> _Source data_
--

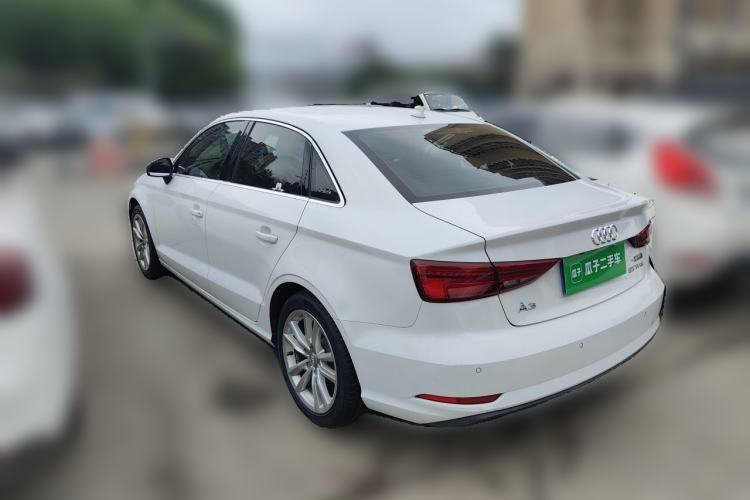 Used Audi A3 2018 30th Anniversary Edition Limousine 35 TFSI Ambition Model Rear Left 45 Deg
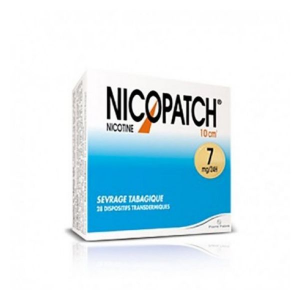 Nicopatch TTS 7 mg/24 h x 7 adesivo transder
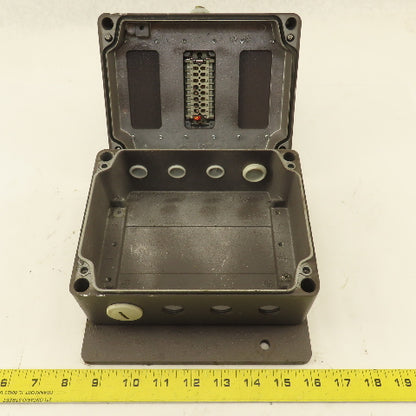 8 "x 6" x 4" Cast Aluminum Electrical Junction Box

--

> _Requirement_
Produce a verbatim transcription of every line in the listing, images omitted.

> _Answer box_
 Used Audi A3 2018 30th Anniversary Edition Limousine 35 TFSI Ambition Model Rear Left 45 Deg
 Nicopatch TTS 7 mg/24 h x 7 adesivo transder
 8 "x 6" x 4" Cast Aluminum Electrical Junction Box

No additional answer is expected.